You have a kiln where theinterior is a cube with an edge length of 30 cm. The walls of the kiln are made of an insulating refactory, and are 10 cm thick. The thermal conductivity of the refractory is .06 W/mK. The interior of the kiln is at a temperature of 1250 degrees C, and the kiln is surrounded by still air at 35 degres C. For these conditions:
a) Estimate the surface temperature of the vertical walls next to the still air in degrees C
b) Estimate the heat flux through the vertical walls in W/m^2
To estimate the surface temperature of the vertical walls next to the still air, we can use the concept of steady-state heat transfer through the kiln walls. The heat transfer equation in this case is:
Q = (k * A * ΔT) / d
Where:
- Q is the heat flux (W/m^2), which is the rate of heat transfer per unit area,
- k is the thermal conductivity of the refractory (0.06 W/mK),
- A is the surface area of the kiln walls (taking into account all four walls),
- ΔT is the temperature difference between the kiln interior and the still air outside the kiln, and
- d is the thickness of the kiln walls (10 cm).
a) To estimate the surface temperature of the vertical walls next to the still air, we need to find the temperature difference (ΔT) in degrees Celsius.
ΔT = T_interior - T_air
Where:
- T_interior is the temperature of the kiln interior, given as 1250 degrees Celsius,
- T_air is the temperature of the still air outside the kiln, given as 35 degrees Celsius.
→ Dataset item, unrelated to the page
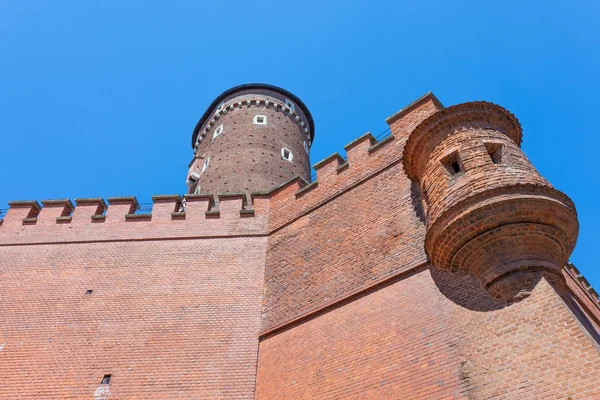 Věž a hrad zdmi z červených cihel — Stock fotografie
ΔT = 1250 - 35 = 1215 degrees Celsius
Now, let's calculate the surface temperature (T_surface) using the rearranged heat transfer equation:
T_surface = (Q * d) / (k * A) + T_air
Since we don't know the heat flux (Q) or the surface temperature (T_surface) yet, we can leave them as variables for now.
b) To estimate the heat flux through the vertical walls, we can rearrange the heat transfer equation as follows:
Q = (k * A * ΔT) / d
However, we need the surface area (A) to calculate the heat flux. Since the kiln is a cube with an edge length of 30 cm, each wall has an area of (30 cm * 30 cm) = 900 cm^2. Since there are four walls, the total surface area (A) is:
A = 4 * 900 cm^2 = 3600 cm^2 = 0.36 m^2 (converting from cm^2 to m^2).
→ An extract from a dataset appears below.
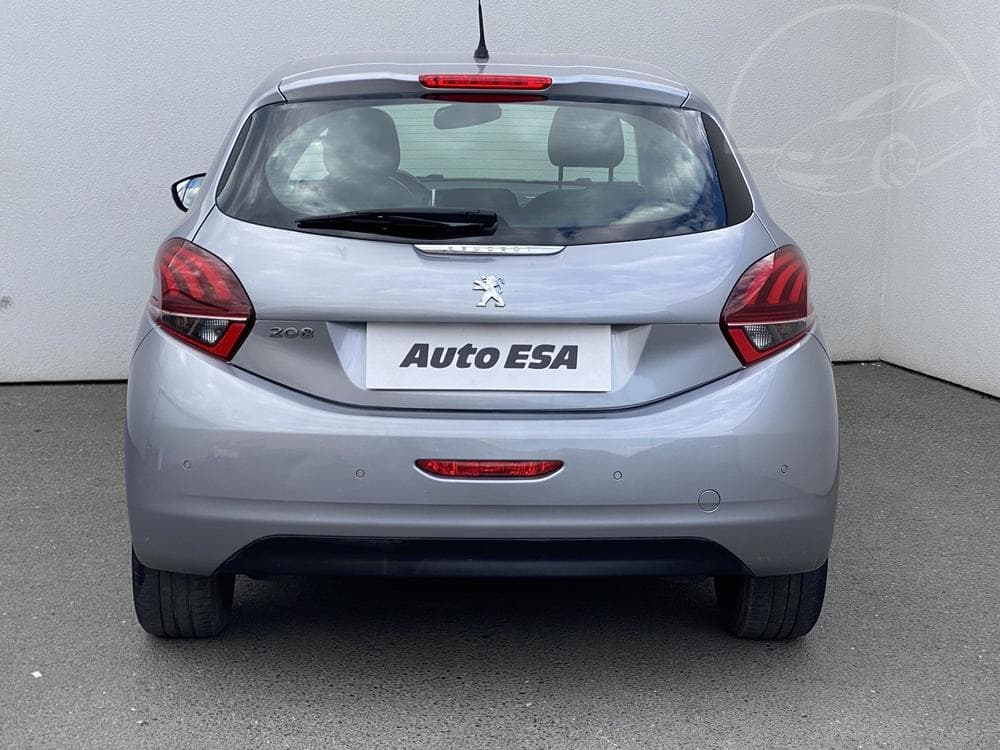 2019 Peugeot 208 - 9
Now, we can substitute the values into the heat transfer equation:
Q = (0.06 W/mK * 0.36 m^2 * 1215 degrees Celsius) / (0.1 m)
Simplifying:
Q = 2.196 W
Therefore, the estimated heat flux through the vertical walls is approximately 2.196 W/m^2.
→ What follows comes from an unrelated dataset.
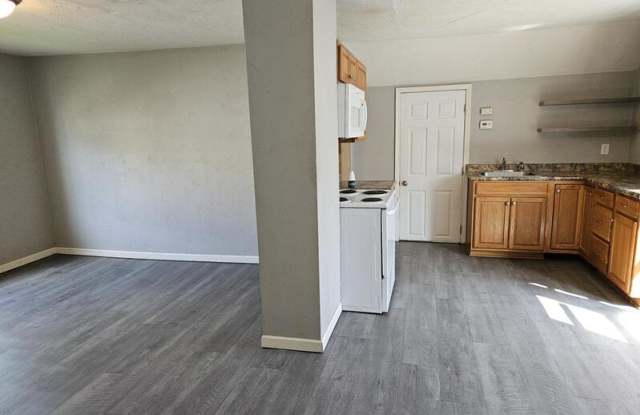 118 West 12th Avenue - Upper Gallery 4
To find the surface temperature (T_surface), we can substitute the calculated heat flux (Q) into the rearranged equation:
T_surface = (2.196 W * 0.1 m) / (0.06 W/mK * 0.36 m^2) + 35 degrees Celsius
Simplifying:
T_surface ≈ 131.37 degrees Celsius
So, the estimated surface temperature of the vertical walls next to the still air is approximately 131.37 degrees Celsius.